Rethinking Japanese dining: an izakaya that draws on music and social interaction for a warm and contemporary space. Tamsin Bradshaw reports.
Koko means “here” in Japanese, and this word is at the heart of the design for KOKO, a new izakaya by private members club KEE Club. “We want KOKO’s guests to be ‘here’: to be present in the moment; to meet new people, and to immerse themselves in the atmosphere, drinks and food,” says Mara Rhomberg, Creative Director of Koko.

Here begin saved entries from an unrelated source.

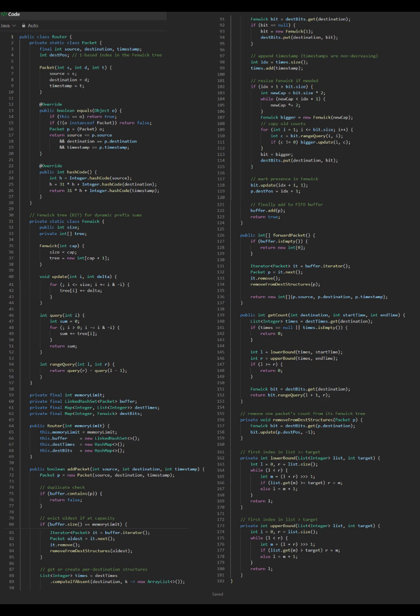Time complexity: add packet O(log n), forward packet O(log n), get count O(log n). The genius is using Fenwick Trees to avoid the expensive ArrayList insertions/deletions that were causing TLE, while still supporting efficient range sum queries for get count.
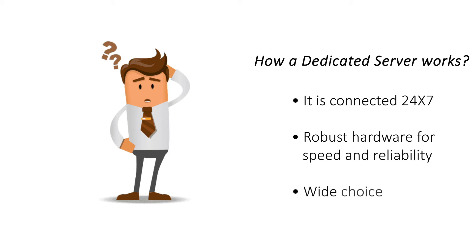It has powerful, enterprise-grade hardware engineered for speed, scalability, and reliability. It can run different operating systems—choose between Windows and Linux based on your needs.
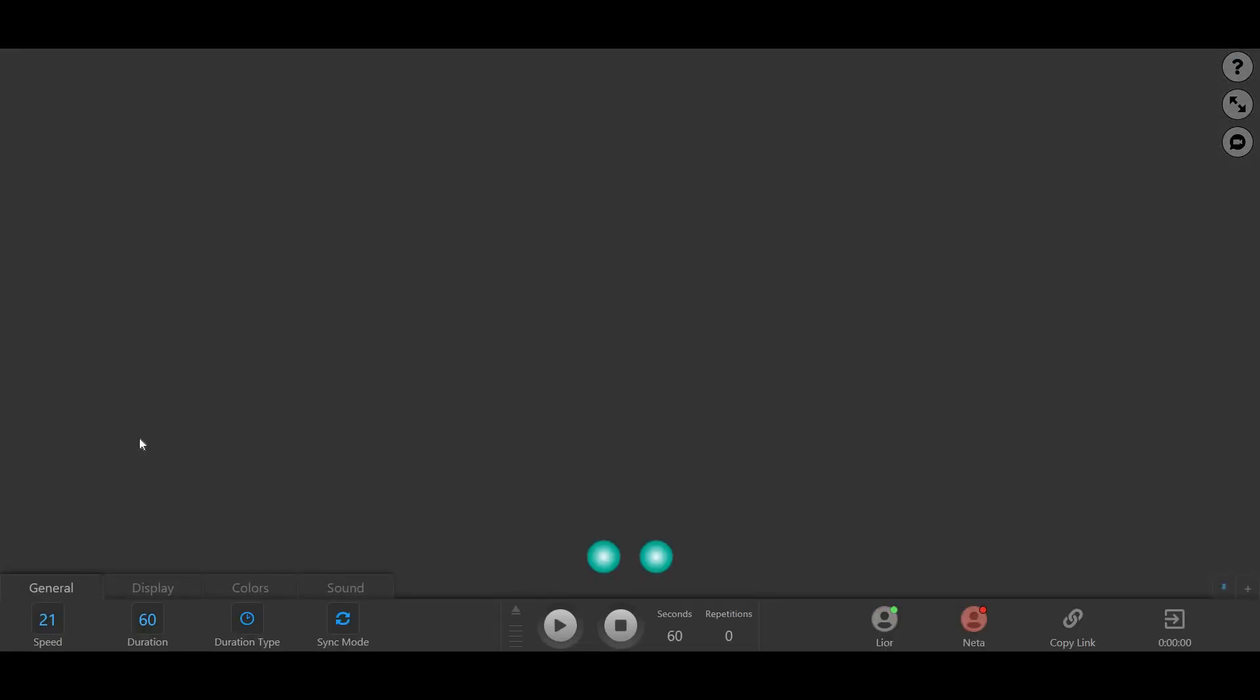This is the session screen. For a short video guide on inviting your client to a Remote EMDR session, please click on the link at the top right corner of the screen now.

The atmosphere is designed to bring people together in an intimate environment – something Christian Rhomberg, Founder and Chairman of Kee Club, views as one of the restaurant’s best features. “[It has] typical Japanese alcove seating, but at the same time, the terrace and bar area also offer people a place to see and be seen,” he says. “Most restaurants today are designed around one sole function – dining. Whereas Koko is a social meeting and dining place – it combines three functions: dining, lounge and club atmosphere.”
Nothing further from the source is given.